La capture de quelques secondes de mouvement. D’une danse, de doigts sur le clavier, dans une atmosphère sonore diluée au creux de l’espace-temps. Il n’y a plus de secondes, de jours, de nuits. Le fil des heures a été délité de la surface de la Terre ; seules demeurent les voix étouffées des êtres perdus dans le néant de l’ignorance, dans le fracas furieux de la déconstuction des convictions. Puis, la décomposition : celle, cristalline, des mélodies, des gestes, de ce qui enfante l’action. Watine, aidée par la réalisation précise de Benjamin Sanchez, s’immerge au cœur de ce qui fait l’art. Elle voyage au gré des surfaces cutanées, des tissus, des touches, des cordes frappées. Elle est la créature veillant sur une dimension nouvelle et inconnue, celle-là même qui efface en un souffle le soi-disant savoir humain. « Flats and Sharps » transperce les couches fragiles de l’instant, étire les sensations et les écoutes. Une liberté créatrice faisant fi du paraître, du cadre trop restreint de la bienséance harmonique ou visuelle. Là n’est que l’atome, le noyau et ce qu’il dissimule. Une naissance, brillante, mystérieuse, envoûtante.

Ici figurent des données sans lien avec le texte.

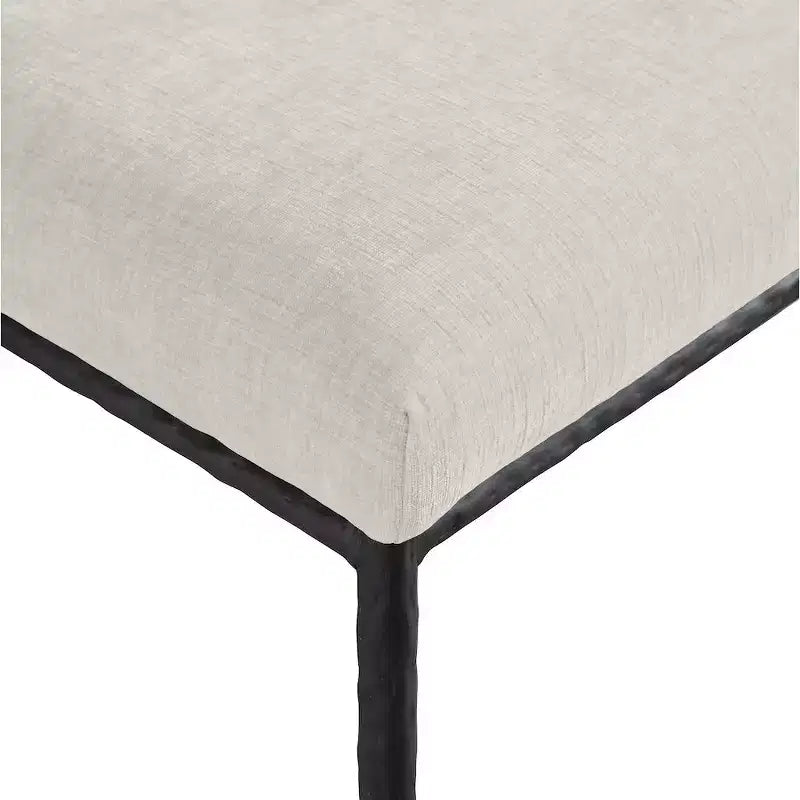 Meridian Furniture,Reeves Chenille Fabric Dining Chair, Set of 2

[Clip] Marc-Antoine Perrio – Mentir

L’ambiance est brûlante, étouffante. Derrière les masques et les parties de visage indécemment découpées à la va-vite, Marc-Antoine Perrio illustre, par la musique et l’image, le propre mensonge dans lequel son personnage s’est conforté. Qu’il détourne le regard pour ne pas se confronter à la solitude de l’être auto-persuasif, ou use des couleurs comme autant de chemins de traverse que l’on emprunte pour ne pas avoir à subir la confrontation, l’être central de « Mentir » sent sa carapace se fissurer, son erreur s’emparer de lui. Défilement des ombres et des teintes, rapides, inexorables. Au milieu de sonorités amusées et souriantes, Marc-Antoine Perrio raconte les aléas de certitudes rapidement consumées. Le titre amplifie les supensions physiques et instrumentales d’un instant T, quand on se persuade que l’évitement est la meilleure solution. Une narration subtile et artistiquement foisonnante, transformant chaque pictogramme en anecdote que le spectateur se doit d’analyser, grâce au chant et aux harmonies, pour en distinguer la vérité ou son opposé. « Mentir » est une confidence éblouissante, une prédiction intelligente des faiblesses du paraître et de la beauté éternelle de l’être.